Читаем Лестница в бездну полностью

Для одних зрителей все дело сводилось к тому, что врагом Ницше было христианство, для других — мораль, для третьих — все традиционное в культуре, еще для других — «западная метафизика» или хотя бы отдельные привычки философского мышления или мышления вообще. Наконец, существовали, существуют и, наверное, будут существовать такие, чье воображение было поражено и пленено ницшевскими кнутами и пряниками— концептами вечного возвращения и воли к власти (я еще вернусь мыслью к этим воспитательным орудиям).

Несколько больше толку от тех, кто, как некоторые представители sapientiae gallinae— простите, правильно, конечно, gallicae, — понял, что Ницше предложил какую-то новую, чуть ли не деконструктивную (уж не знаю точно, что это такое) стратегию бытия, и от тех, кто вслед за Томасом Манном видели в нем «драконобойцу эпохи». Это прозвучало, конечно, довольно красиво, но слишком уж неопределенно, а потому в целом бесплодно. Да, конечно, — драконобойца, но, во-первых, спрашивается: пострадал ли в столкновении дракон (на мой взгляд, нисколько не пострадал)?

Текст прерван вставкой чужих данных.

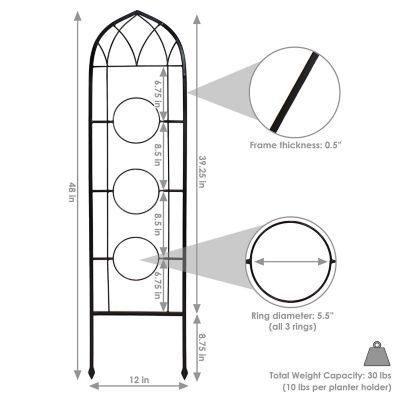 Image showing  Steel Wire Arched Climbing Plants Wall Trellis with Flowerpot Supports - 48 in. H - Black - 2-Pack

А во-вторых, этим драконом была не «эпоха» (а уж тем более не «бюргерская» эпоха), но целая цивилизация, европейский склад жизни, весь ее душевный и мыслительный мир.

Как бы там ни было, мне придется идти к достижению названных при входе на этот уровень целей моей книги самостоятельно и без всякой оглядки на любые мнения — кроме, разумеется, мнений самого Ницше. Приступаю.


* * *


Я не случайно начну с ответа на вопрос о том, почему именно Ницше было суждено первым учуять в истории Европы врага всего человечества, — с вопроса и ответа, которые, казалось бы, можно оставить «на потом», для более подходящего места. Думаю, потому, что в нем, как ни в ком другом (из тогдашних пасторских, профессорских и т. д. очень воспитанных и образованных сынков), проявился инстинкт (равнозначный судьбе или даже року), названный мною самостановлением. Эта стихия — особого рода: по мере того как человек в нее входит, врастает, все больше становясь из индивида личностью, матричное, коллективное начало в нем постепенно уступает место нематричному. Отсюда сугубая тяга таких людей к жесткому разбирательству с матрицей и всем, что ей свойственно, к враждебному разбирательству — ведь матричное начало по самой своей коллективной природе энтропийно препятствует самостановлению, как только может. Эта тяга мало-помалу захватывает все существо человека, от его телесности до высших уровней мышления. Ниже, в нужном месте, я еще вернусь к этой теме — она далеко не исчерпана сказанным до сих пор.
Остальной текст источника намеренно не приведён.